Esos Fontanos de Ontinyent

Sus pasos eran firmes, seguros, hombro con hombro siguiendo la música, la invasión de las hordas moras en el horizonte, las embajadas, la lucha, la batalla. Víctor marcaba el ritmo y lo gozaba, cabo de escuadra, giraba, gesticulaba, cerraba los ojos para sentir el estruendo de los timbales dentro de su cuerpo unido este al de sus compañeros que, justo detrás, protegiéndolo, lanzaban miradas al cielo extasiados ante aquel majestuoso ritmo. Ojos cerrados, bocas abiertas tarareando la música que los llevaba. Puños al cielo.

Juan, a sus espaldas, subido en aquella carroza, fijo a ella pero volando por aquella avenida suspendido en el aire, los notaba bien cerca. Se sentía en el cielo. Lanzaba abrazos y besos, signos de satisfacción con las manos, la mirada vidriosa, los puños cerrados, un nudo en la garganta. Transmitía pasión.

En la acera, las piernas me temblaban: el mejor momento del verano. Fue aquel instante grandioso la felicidad absoluta. Todos aquellos amigos de la infancia en el momento de placer social más grande de sus vidas. Aquel desfile de música, aquel público entregado que no hacía más que responder a los gestos de unos hombres que sentían lo que hacían, vivían el momento con una intensidad que Juan, saciado del placer por la tradición, colmado por sus amigos, arropado por todos y querido por más, agradeció ofreciéndoles al término aquella bandera que el bando cristiano defendería después con fervor ante el moro. Espada en mano, cascos al aire, los dientes y la rabia y el poder de la fuerza de la amistad.

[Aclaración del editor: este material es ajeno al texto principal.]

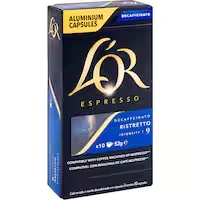 l'or coffee capsules decaf ristretto intensity 9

Qué bello. Qué momento. Aquellas caras sudorosas, aquellos rostros estirados, aquellas miradas intensas que delataban amor. Qué locura de instante. Los ves pasar un momento, apenas un minuto de saludos, abrazos que te llegan al alma y lágrimas furtivas, y entonces sabes que los recordarás siempre. No existe el tiempo, se para todo. Fontanos de Ontinyent, oh, Fontanos. Qué suerte la del moro que ante vuestra espada se pliega.